Por su parte, Julio Álvarez Corvaia, en la presentación que hace de la “Sociología Pintoresca de Barquisimeto” nos dice entre otras cosas:

“…Haciendo alarde de su gran espíritu de investigación aunado a sus condiciones de cronista festivo y poeta nativista, Hermann Garmendia, nos va descubriendo a través de sus páginas un Barquisimeto cuya evolución apenas si podemos recordar en la violenta transmutación sufrida por la capital larense en los últimos veinte años.
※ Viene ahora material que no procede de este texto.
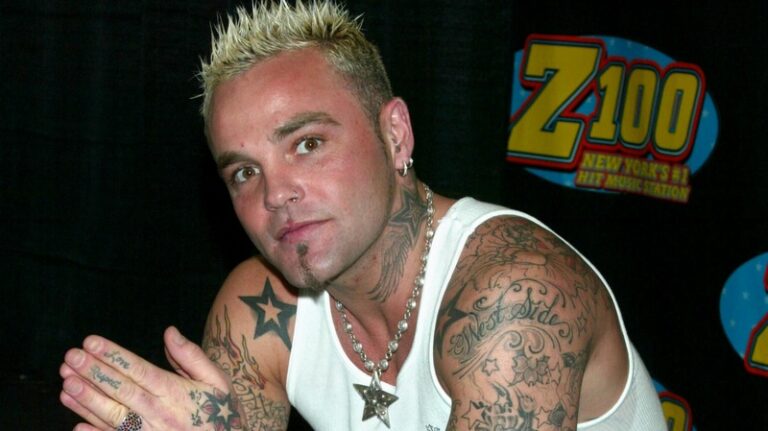 Z100's Jingle Ball 2002 - Press Room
En el desperezar de los recuerdos, el autor de la pintoresca sociología, nos resucita la imagen difusa de nuestro terruño, cuando el progreso le era servido en términos de cuentagotas y cuando la gente creía más en la ciudad de los crepúsculos que en la capital del desarrollo…”

Indiscutiblemente, las palabras de Julio Álvarez Corvaia, son reveladoras de alguna manera, de lo que tratamos de explicar al principio de la entrega de hoy de Reseña de la Añoranza, pues Hermann Garmendia indudablemente fue un inobjetable baluarte de nuestras letras, del costumbrismo propio de un cronista dedicado con pasión a su oficio y del periodismo del cual fue Premio Nacional.

 

Barquisimeto, domingo 1º de Diciembre de 2024.

Fuentes Consultadas:

Garmendia, H. (1969) Sociología Pintoresca de Barquisimeto. Tipografía Falcón. Barquisimeto. Venezuela.